Fuck it, I got up to use the lavatory and snagged a bottle of water on my way back. Too much time passed before I got my champagne and second bottled water. For the duration of the flight I made many trips to the bathroom, since I drank about six or seven bottled waters, along with more champagne, wine and coffee. I wondered if people thought I was doing drugs. That would’ve been funny.

The red-headed woman was sitting in front of me with her daughter. She was wearing a knit hat and scarf, yet asked if they could make the plane warmer. I wish she could’ve heard herself. I’ve never been on a warm plane. This woman seemed pseudo high-maintenance, like she’d never flown First Class and wanted her chance to act snooty. I wanted to smack her. Another woman left her suitcase in the middle of the aisle.

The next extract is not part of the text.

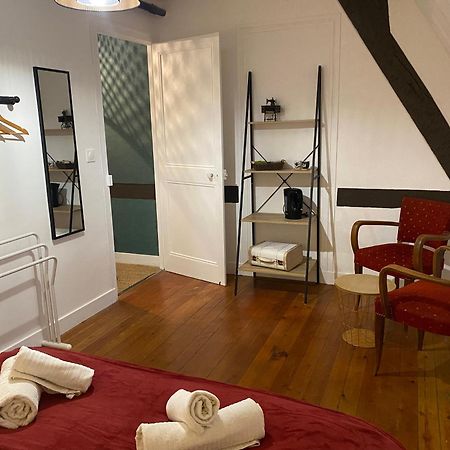 Le Domaine Caribou Bed & Breakfast Sainte-Opportune-la-Mare ภายนอก รูปภาพ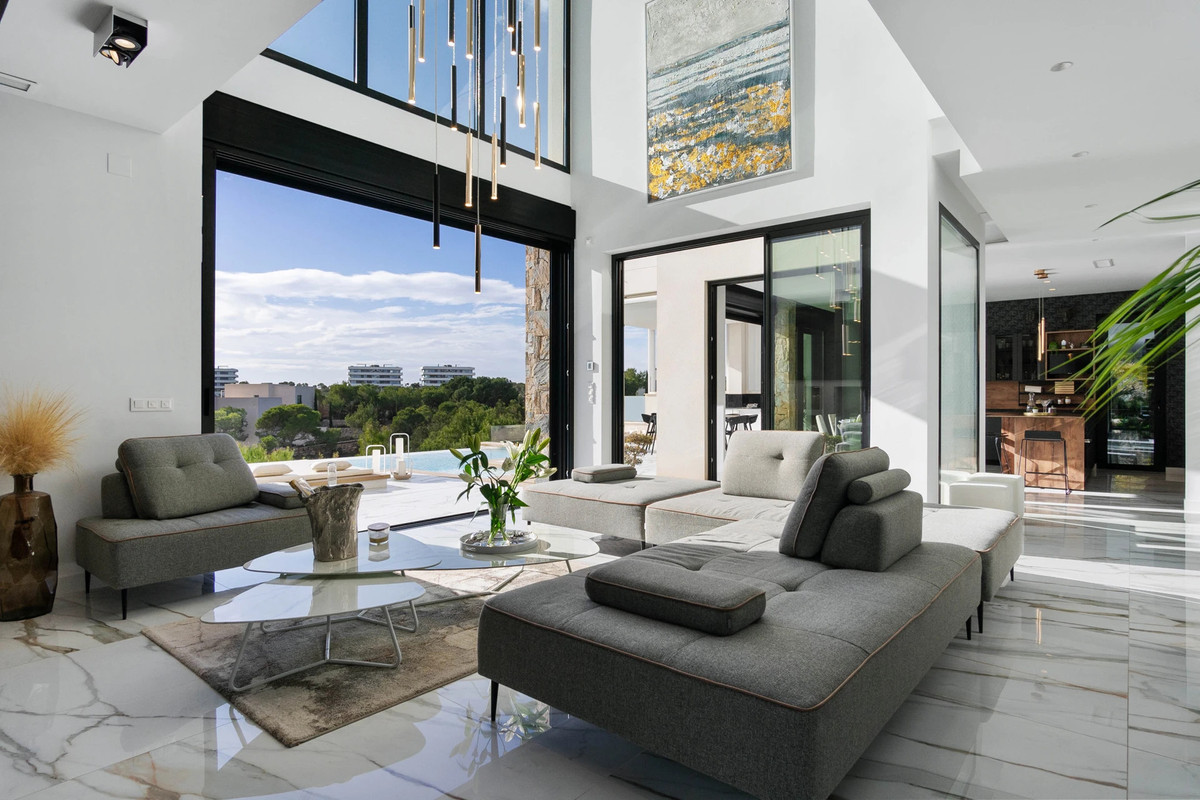 4 Bed Townhouse for sale in Villamartin Costa Blanca, Alicante, Spain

“What, does she think she’s at home?” The flight attendant commented while I waited for the bathroom. He leaned towards her, “Ma’am would you like to put your suitcase over here?” He pointed to a compartment. She didn’t respond.

A man and his child walked up from coach to use the First Class bathroom, but were quickly shut down. We only had one bathroom. They had four. And our lavatory was at the front of the plane by the captain. It wasn’t safe for the random coach people to use it.

The female attendant asked me, “Are you an actress?” I nodded my head no.
“Student?”

“No, I’ve been out of school for a while.” She set down her book, The Da Vinci Code. We chit chatted for at least a half an hour, and I won them over with my charming personality. I was offered a free ride to the city…score!

I had the filet for dinner. First came the miniature Caprese salad, then the regular miniature salad. I switched to red wine. The food was good. The best was when the sundae cart came out. There were even miniature Kahlua bottles lined up. I got coffee with Kahlua and a sundae with hot fudge sauce, butterscotch and nuts. Normally I never eat sundaes, but I felt like an excited kid again.